研究実績の概要 |
sigXとsigM遺伝子のグルコース誘導(GI)が起きなくなるようなトランスポゾン挿入変異株を検索し,cshA, tsaD, ylxR, yqfOへの挿入変異株を得た。このうち、cshAはRNAヘリカーゼであり、かつRNAポリメラーゼに会合することが知られていた。本研究でCshAタンパクのアセチル化がsigXのGIに重要であることはすでに論文として報告した(Ogura and Asai, 2016)。これら遺伝子の間には何らかの連関が存在しうると考え、種々の試行錯誤を行なった結果、CshAがylxRを含むオペロンの転写を正に制御していること、YlxRはDNAに結合してtsaDを含むオペロンの転写を正に制御していることが判明した。また、YlxRは単なる転写因子というよりも、染色体会合性の非特異的DNA結合性タンパク質であり、そのため400近くの遺伝子を制御していることが判明した。

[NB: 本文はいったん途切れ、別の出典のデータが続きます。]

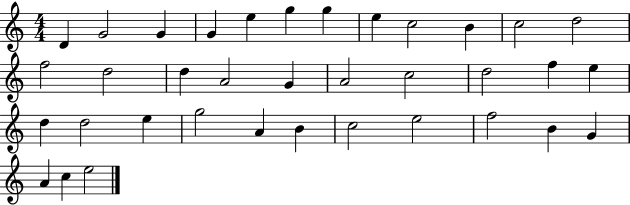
D4/q G4/h G4/q G4/q E5/q G5/q G5/q E5/q C5/h B4/q C5/h D5/h F5/h D5/h D5/q A4/h G4/q A4/h C5/h D5/h F5/q E5/q D5/q D5/h E5/q G5/h A4/q B4/q C5/h E5/h F5/h B4/q G4/q A4/q C5/q E5/h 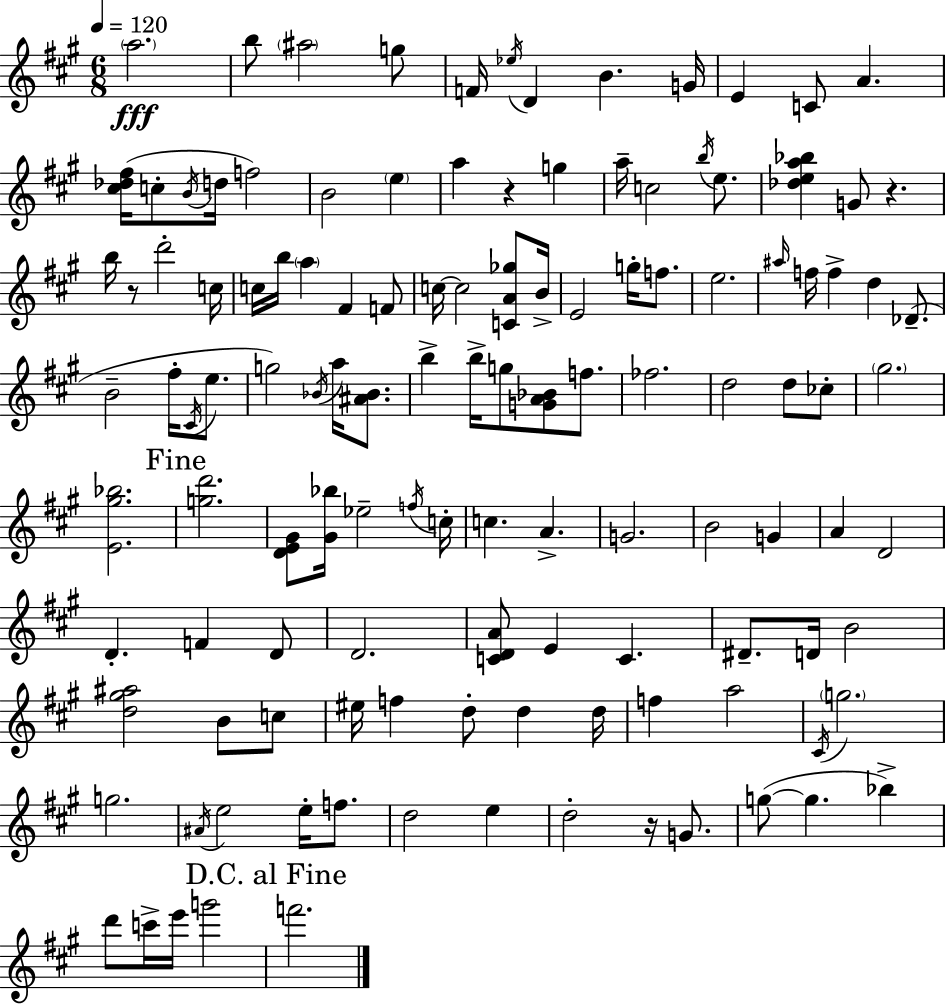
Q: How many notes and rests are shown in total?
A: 123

tsaD遺伝子産物はtRNAのアンチコドンループの37位のアデニンを修飾する酵素であることがすでに知られている。つまり、tsaDはtRNA修飾を通じて何らかのタンパク質の翻訳プロセスを制御し、その結果、SigXとsigM遺伝子のグルコース誘導に重要な何らかの過程に関与していると予想される。大腸菌でtsaDがピルビン酸脱水素酵素複合体のアセンブリーに関わるという報告があり、この酵素はピルビン酸からアセチルCoAを生成する。すなわち、一つの可能性として枯草菌でもtsaDはこの酵素の翻訳や複合体形成に関係し、細胞内のアセチルCoA生産を通じて、CshAのアセチル化を制御しているという仮説を現在たてており、その証明が今後の課題である。